* [Task to complete]
Once the line with "Toyota Land Cruiser" is found, repeat exactly that line and every one after it until the data below ends, including the last line.

** Dataset records follows **

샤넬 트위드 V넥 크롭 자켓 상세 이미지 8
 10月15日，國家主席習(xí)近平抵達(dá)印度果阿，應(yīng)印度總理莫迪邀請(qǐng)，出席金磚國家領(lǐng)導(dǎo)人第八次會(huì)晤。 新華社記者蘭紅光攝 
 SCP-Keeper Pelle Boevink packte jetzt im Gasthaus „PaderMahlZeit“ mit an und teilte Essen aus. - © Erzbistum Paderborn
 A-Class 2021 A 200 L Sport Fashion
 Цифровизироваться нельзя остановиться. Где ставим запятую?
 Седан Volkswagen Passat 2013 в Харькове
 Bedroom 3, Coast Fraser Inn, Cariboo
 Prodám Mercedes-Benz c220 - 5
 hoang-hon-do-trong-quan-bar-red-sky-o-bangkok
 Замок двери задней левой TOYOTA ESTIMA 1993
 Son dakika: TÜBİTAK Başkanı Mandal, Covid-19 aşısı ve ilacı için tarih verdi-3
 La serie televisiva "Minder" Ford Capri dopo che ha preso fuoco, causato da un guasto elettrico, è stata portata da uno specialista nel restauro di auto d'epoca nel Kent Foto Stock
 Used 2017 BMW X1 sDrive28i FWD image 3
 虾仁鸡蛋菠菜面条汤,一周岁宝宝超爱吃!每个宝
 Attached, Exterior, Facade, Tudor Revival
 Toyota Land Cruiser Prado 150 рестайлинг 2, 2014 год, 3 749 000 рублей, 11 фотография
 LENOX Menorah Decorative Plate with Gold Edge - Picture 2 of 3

** End of Dataset records **

* [Task answer]
 Toyota Land Cruiser Prado 150 рестайлинг 2, 2014 год, 3 749 000 рублей, 11 фотография
 LENOX Menorah Decorative Plate with Gold Edge - Picture 2 of 3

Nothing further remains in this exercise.